Soon, though, I felt sort of itchy but also scared. I needed other people to eat what I cooked, but I needed them to be people I could treat as guinea pigs without fearing the loss of their friendship. My original supper club of Brooklyn friends was perfect, appreciative yet forgiving.

They raved about the tomatillo-avocado guacamole, which was really excellent, with a subtle but lingering kick from the roasted serrano chiles. They didn’t say anything about the jicama sticks with chile powder, lime juice and salt, but they ate almost all of them. Magda said the Mexican white rice was cooked perfectly, and truly it was, baked according to Bayless’s precise directions. The black beans were not so exciting, despite the epazote I went all the way to Sunset Park to find, but it wasn’t a total waste of trip since I got to practice speaking Spanish. I’ll have to keep trying and find out. The homemade tortillas were similarly, at best, an inspiration to keep trying, they were so sad and small. But the chocolate pound cake was a hit with the birthday girl, whose husband had tipped me off to her favorite flavor.

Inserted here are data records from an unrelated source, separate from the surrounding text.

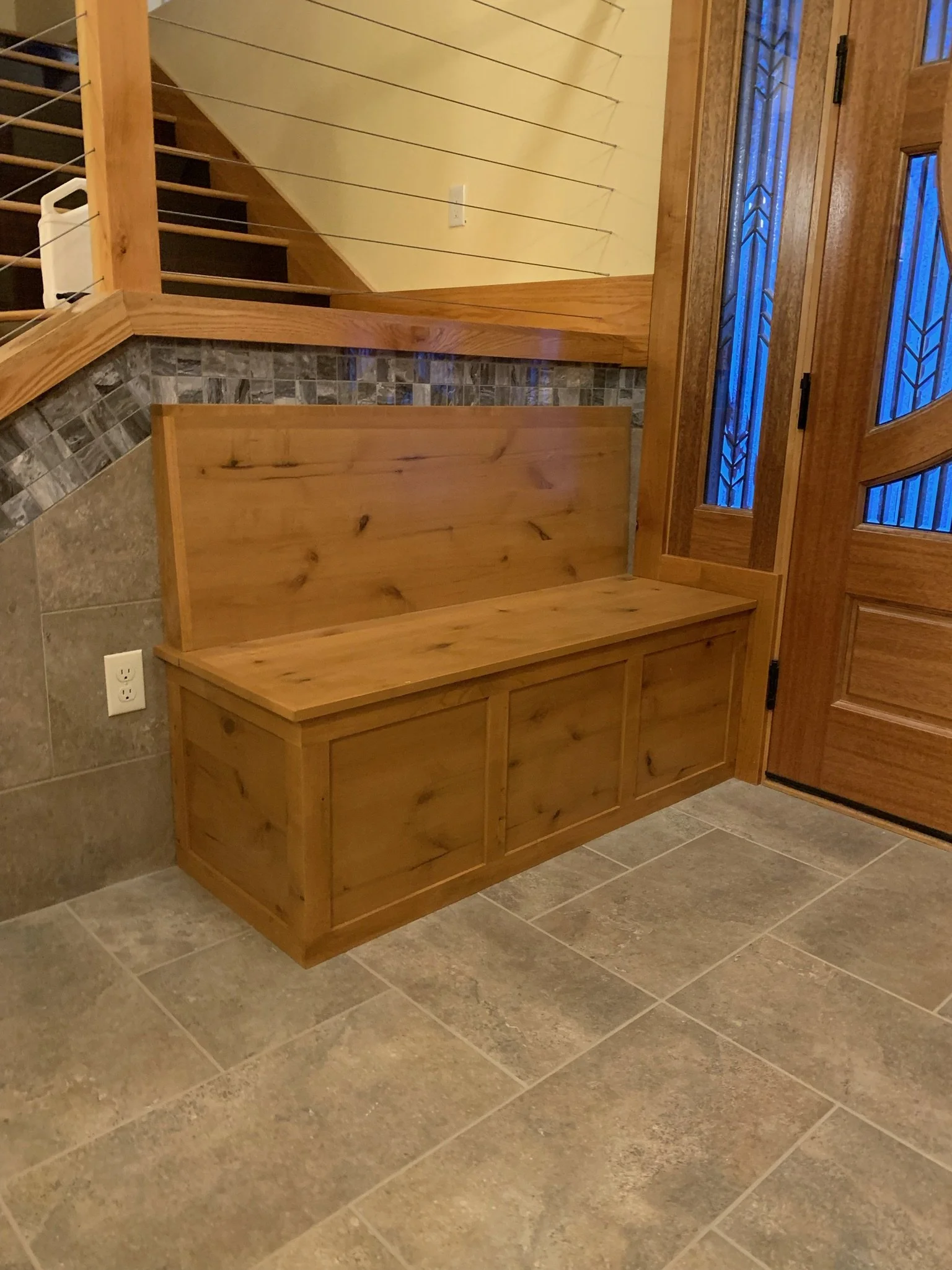 Wooden bench with cabinet doors underneath, against a wall with mixed tile and wood finish, next to a door with decorative glass panels.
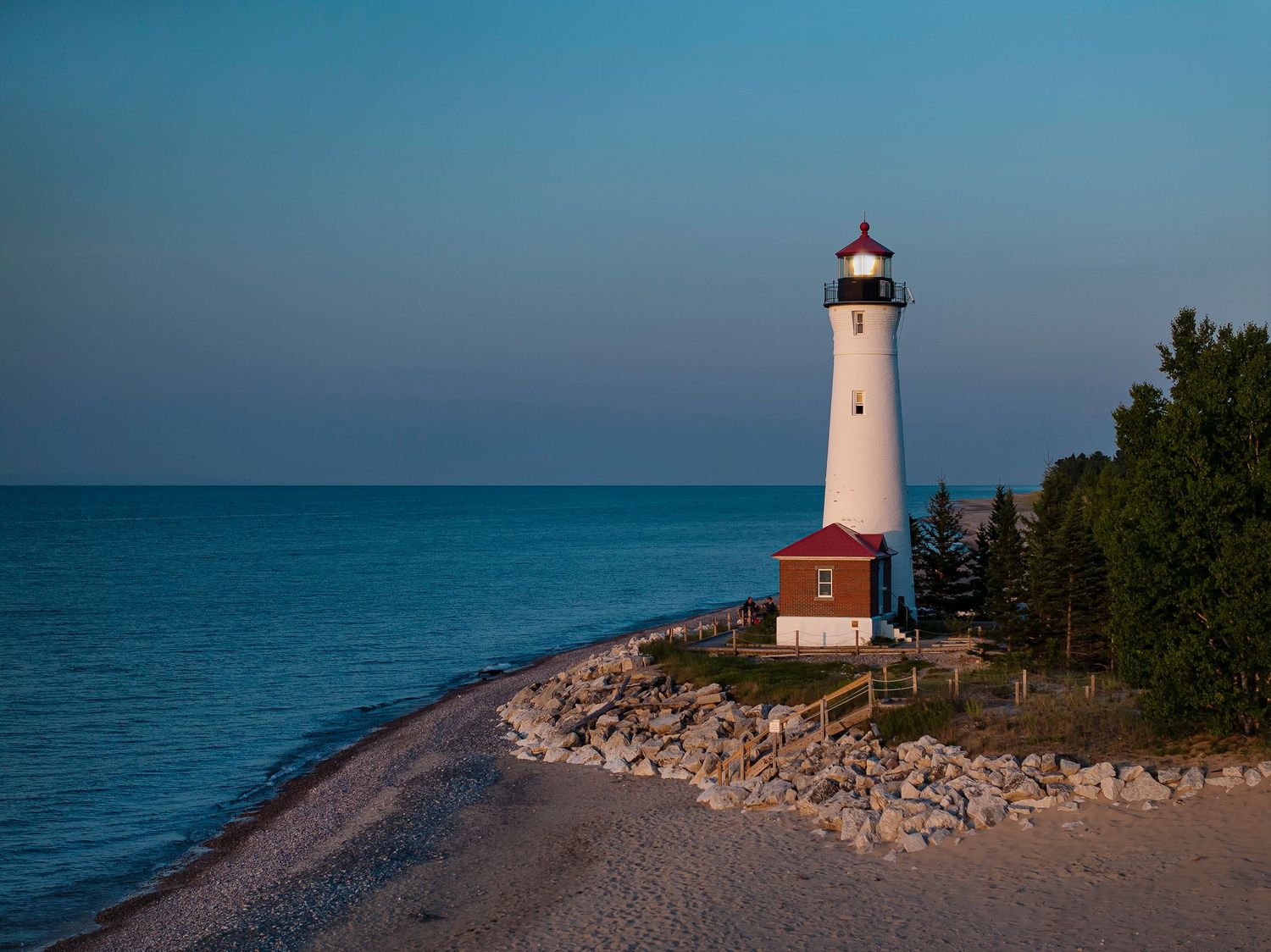 A white lighthouse tower stands on a rocky shoreline against turquoise waters of Lake Huron at Crisp Point, Michigan.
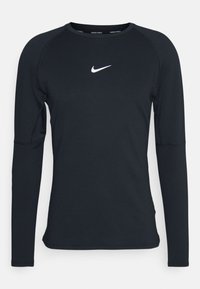 Černé dlouhé rukávy atletické tričko vyrobené z hladkého materiálu. Má kulatý výstřih a bílé logo Nike umístěné na hrudi.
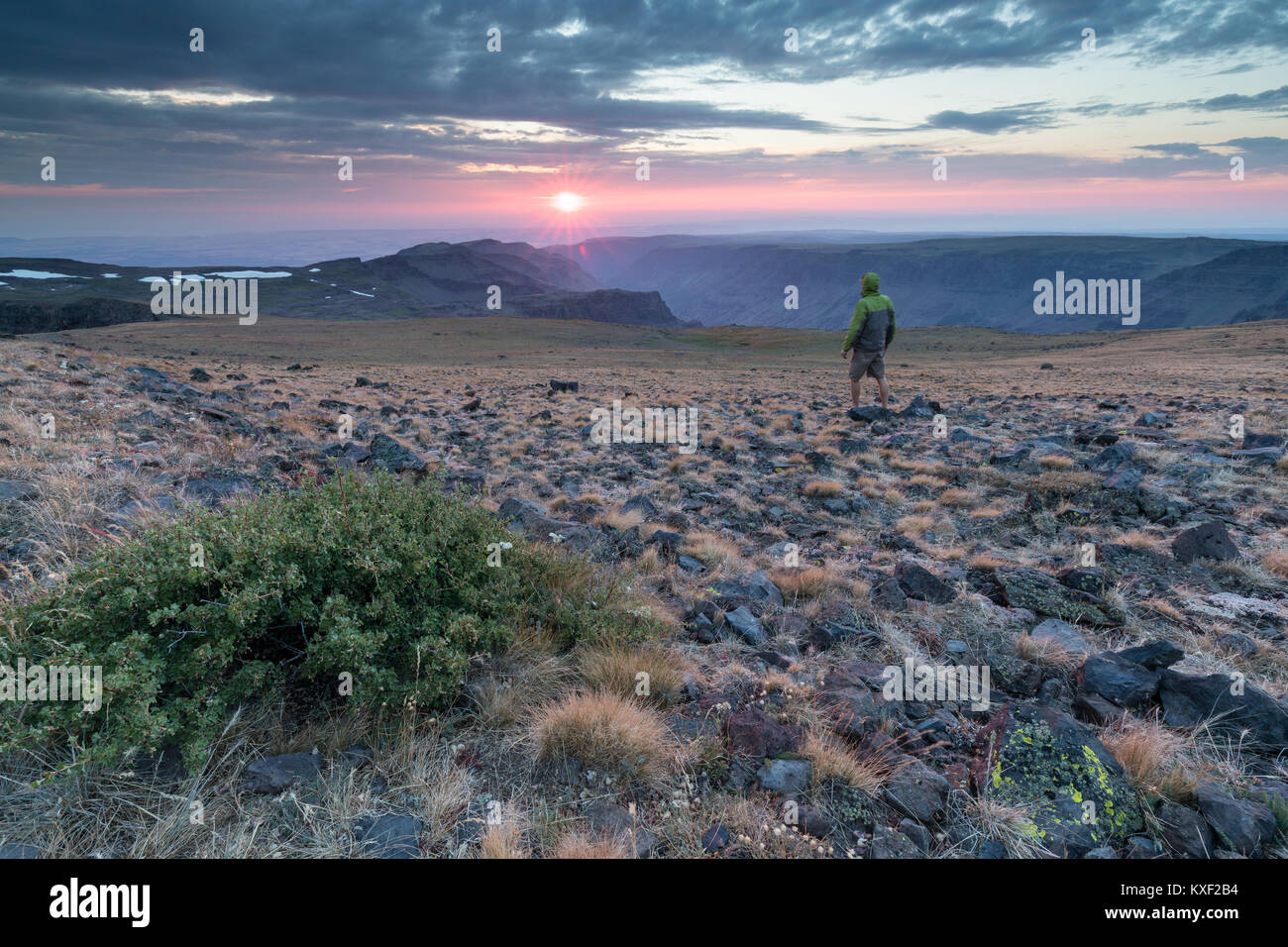 Un uomo guarda il sole che tramonta dietro le nuvole dalla cima del monte Steens, Oregon. Foto Stock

The star of the table, though, was the seared pork and sweet potatoes in pasilla-honey sauce. It was worth every little thing I had to do to get in on the table:

1) Scrub my cast iron griddle with steel wool and reseason it after my sublettor left it rusty.
2) Take the R train to Sunset Park on a Sunday morning to find flexible, fresh pasilla chiles.
3) Slice open the chiles to remove the seeds and stems.
4) Lay them flat and toast them on the griddle one at a time, pressing on each side for a few seconds.
5) Rehydrate them in warm water for 30 minutes.
6) Put them through the food processor with roasted garlic, a bit of cumin, freshly ground pepper, and Mexican oregano.
7) Sear chunks of pork in batches.
8) Add the chile sauce, fry, and then simmer with beef broth for 30 minutes.
9) Add the sweet potatoes and simmer for another 30 minutes.
10) Add just enough honey for an “edge” of sweetness (Bayless’s very precise wording) and salt to round it out.

Seriously, it was worth it. (For the full recipe, buy his book, “Mexican Kitchen,” as the man deserves every cent of his royalties.) The pasilla chiles had a bitter flavor that tasted almost like ash when I first ground it up into a paste. It had me considering a last-minute pizza delivery order. But it magically took on an amazingly smoky, rich flavor as it cooked and absorbed the flavors of the meat and the broth. Even before I added the honey, it tasted insane—I had been crazy to consider pizza. When I added the honey, my head exploded. It was like Emily Dickinson’s definition of poetry, except it was pork.

Decorated with slices of white onion and cilantro, it looked quite pretty, too.

Along the way, this blog became a travel food log, with little amateur assessments of empanadas on the streets of Oaxaca, tripe stew in Barcelona’s La Boqueria market, and the Kimchi Field Museum in Seoul, but I'm so happy to be reminded that what I love best, what really makes me glad I’ve come home, is cooking for people I love.